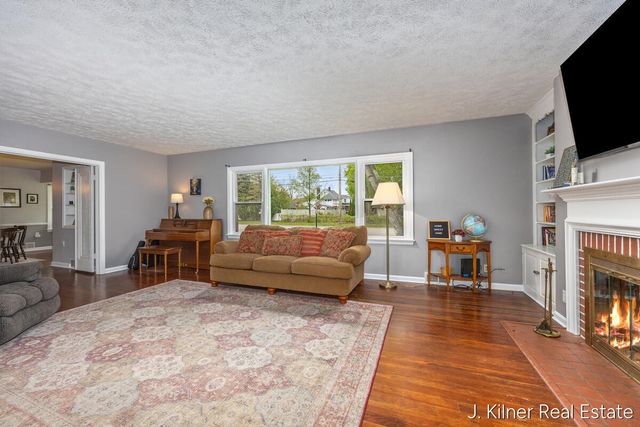 722 N Hudson Street, Lowell, MI 49331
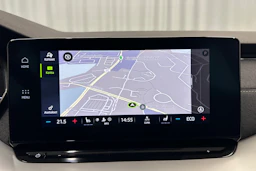 musta Skoda Octavia 2021 kuva 17.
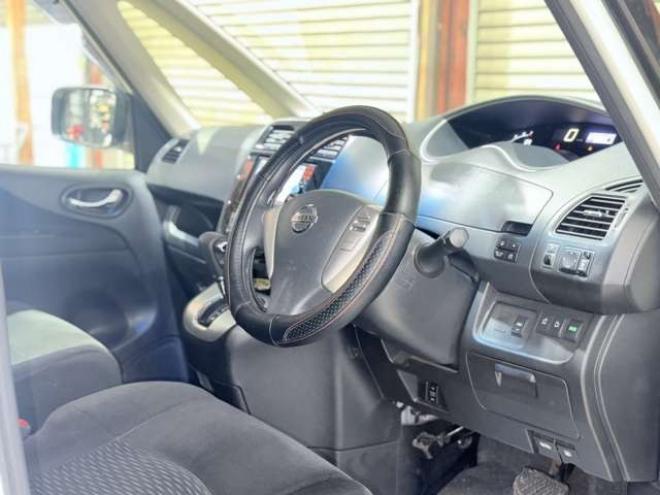 セレナ2.0 20X Vセレクション+Safety 4WD　下廻防錆TVナビBカメETC 2000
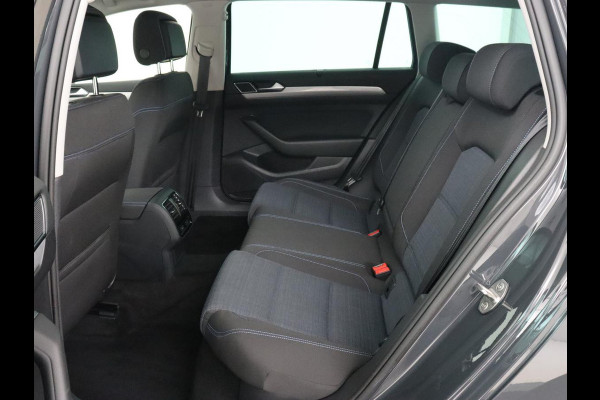 Volkswagen Passat 1.4 TSI PHEV GTE | Trekhaak | Stoelverwarming | Massage | Camera | Carplay | Adaptive cruise | Side Assist | Matrix LED | Navigatie | Parkeerhulp | Plug In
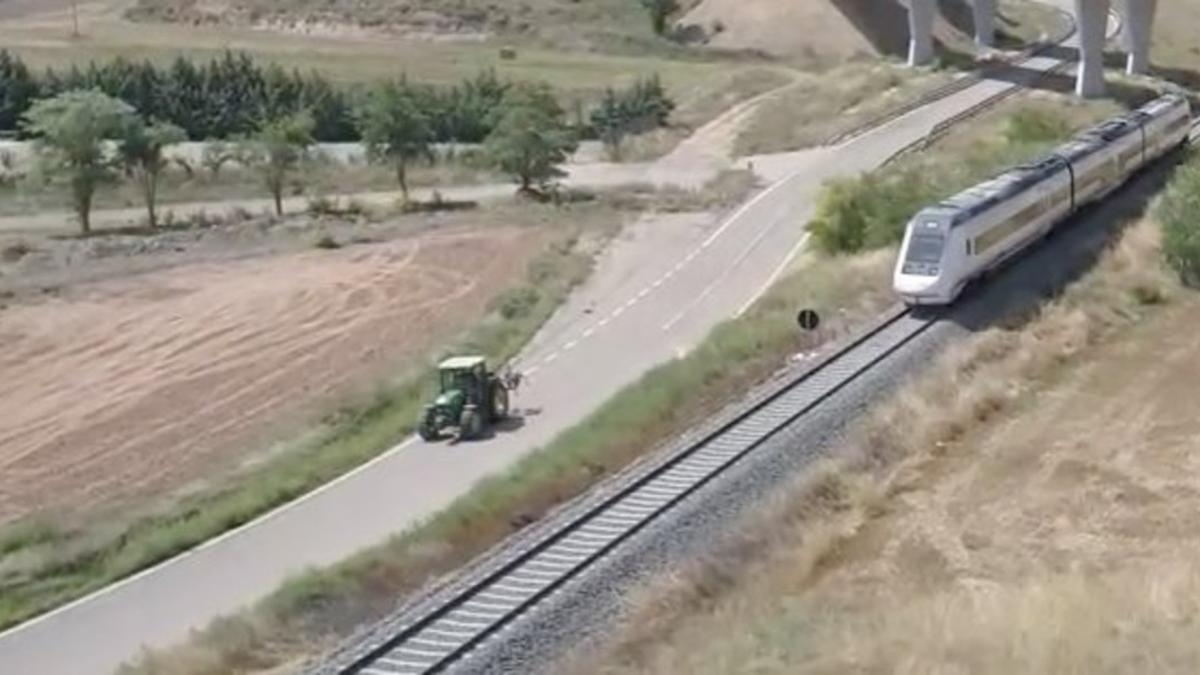 Un tractor y un tren, frente a frente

---

- EXERCISE
The job is to copy all the records precisely while omitting any picture.

- OUTPUT FOR THIS TASK
 722 N Hudson Street, Lowell, MI 49331
 musta Skoda Octavia 2021 kuva 17.
 セレナ2.0 20X Vセレクション+Safety 4WD　下廻防錆TVナビBカメETC 2000
 Volkswagen Passat 1.4 TSI PHEV GTE | Trekhaak | Stoelverwarming | Massage | Camera | Carplay | Adaptive cruise | Side Assist | Matrix LED | Navigatie | Parkeerhulp | Plug In
 Un tractor y un tren, frente a frente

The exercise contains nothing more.